For the number-theoretic transform (NTT), when  $\phi(x)$  is of form  $x^n+1$ , the negative wrapped convolution [14] is used to directly compute polynomial multiplication with coefficients in  $R_q$ . For a vector  $f=\sum_{i=0}^{n-1}f_ix^i$ , its NTT operation transform is  $\hat{f}=\operatorname{NTT}(f)=\sum_{i=0}^{n-1}\hat{f}_iX^i$  with  $\hat{f}_i=\sum_{j=0}^{n-1}\psi^jf_j\omega^{ij}\pmod{q}$  for  $i=0,1,\ldots,n-1$ .  $\omega$  is the twiddle factor, defined as the n-th root of unity, with the conditions that  $\forall i< n, \omega^i\neq 1 \pmod{q}$  and  $\omega^n\equiv 1 \pmod{q}$ .  $\psi=\sqrt{\omega}$ . Similarly, the corresponding inverse (INTT) operation is defined as  $f=\operatorname{NTT}^{-1}(\hat{f})=\sum_{i=0}^{n-1}f_iX^i$  with  $f_i=n^{-1}\psi^{-i}\sum_{j=0}^{n-1}\hat{f}_j\omega^{-ij}\pmod{q}$  for  $i=0,1,\ldots,n-1$ .

The negative wrapped convolution technique dramatically improves the work efficiency of NTT and INTT by eliminating the doubling of the sizes of inputs with zero padding and a separate polynomial reduction operation by  $\phi(x)$  [14]. However, it adds pre-processing and post-processing by multiplying with  $\psi^j$  or  $\psi^{-i}$ . Since Round 2 of the NIST POC competition, the parameter q in CRYSTALS-Kyber has been reduced from 7 681 to 3 329, eliminating the need for pre-processing and post-processing operations.
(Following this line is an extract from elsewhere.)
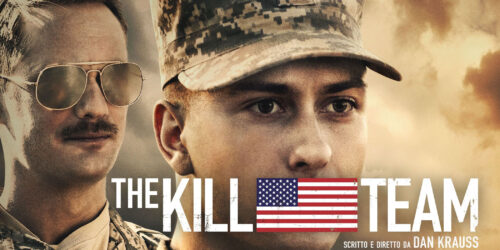 The Kill Team, Trailer del film di Dan Krauss al cinema da ottobre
The new NTT operation requires an early termination and generates 128 polynomials with a degree of two. Analogously, the INTT operation processes 128 degree-2 polynomials, and an extra coefficient-wise multiplication (CWM) is required to multiply two degree-2 polynomials in  $\mathbb{Z}_q[x]/(x^2-\omega^i)$ . In [19] and [17], the authors use a technique, named DIVby2, to eliminate the multiplication with  $n^{-1}$  (mod q) after the butterfly structure of the INTT operation. That is, when *x* is even,  $x/2 \pmod{q}$  equals  $(x \gg 1)$ , while when x is odd,  $x/2 \pmod{q} = (x \gg 1) + x[0] \times ((q+1)/2)$ . The three algorithms are shown in Algorithms 1, 2, and 3, respectively, where  $br_{l-1}(\cdot)$  is the bit-reversal operation for a word size of l-1 [16, 17].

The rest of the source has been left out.